While living on Woburn, my parents got their first car, an old 1940's Dodge. It was a very plain vehicle with no frills, and a very gray paint job. Its possible it was only covered in primer, I'm not sure. The inside interior was a gray felt. It was v-e-r-y basic transportation. I can remember my parents buying gas from a Shell station on Memphis near Pearl. I got the feeling even that young, that an attendant or two took a shining to my mother, and she wasn't all opposed to the attention - however, nothing ever came of it. Carol Boggs was an unhappy housewife, but she was no slut and certainly not an adulteress at that point.

There's a story about the Dodge. Very early on I had nightmares about my brother and I sitting in the back seat side-by-side. No one is in the front seat, yet the car is speeding down a roadway that can't be seen on a dark and foggy night. Its scary, however, the car does not crash - it just keeps going like a juggernaut out of control, even as I come out of it. Perhaps it means there was no one at the wheel when it came to parenting, Dan and I were left on our own. My mom and dad deciding they didn't want to be married with children after all and wanting to go their separate ways. As to the actual meaning, I'm not into deciphering dreams, so your guess is as good as mine. I've had this dream repeat itself for several decades every few years. Haven't had it in the last two decades, however, I'm now on the threshold of my senior years, thus I've assumed control of myself awhile back. 

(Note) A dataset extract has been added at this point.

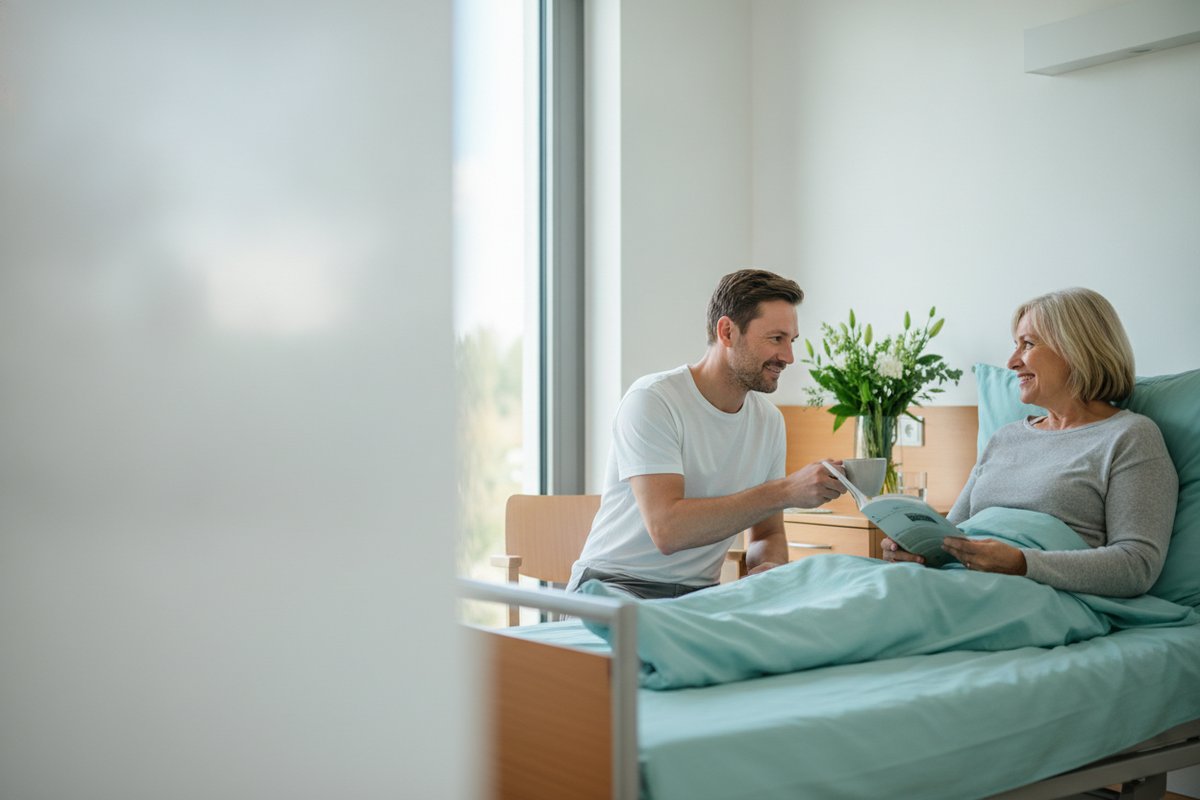 Stationäre Zusatzversicherung – Patient im komfortablen Krankenzimmer – Christian Willmann Versicherungsmakler Mannheim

Dan and I didn't go to school yet and we didn't see too much of the outside after the diaper incident. I think I spent a little more time in the playpen to keep me out of trouble.

My parents finally decided to put the Woburn house up for sale and my Aunt Hope and Uncle Al decided it was time to buy their own home. Their kids, Hopie and Mikey were a few years older than Dan and I, and my Aunt knew that the low rent days were over. They found a nice 1940's slab floor bungalow on Clifford Avenue in Cleveland, right around the corner from John Marshall High School. Meanwhile, my parents were looking for a more modern home of their own.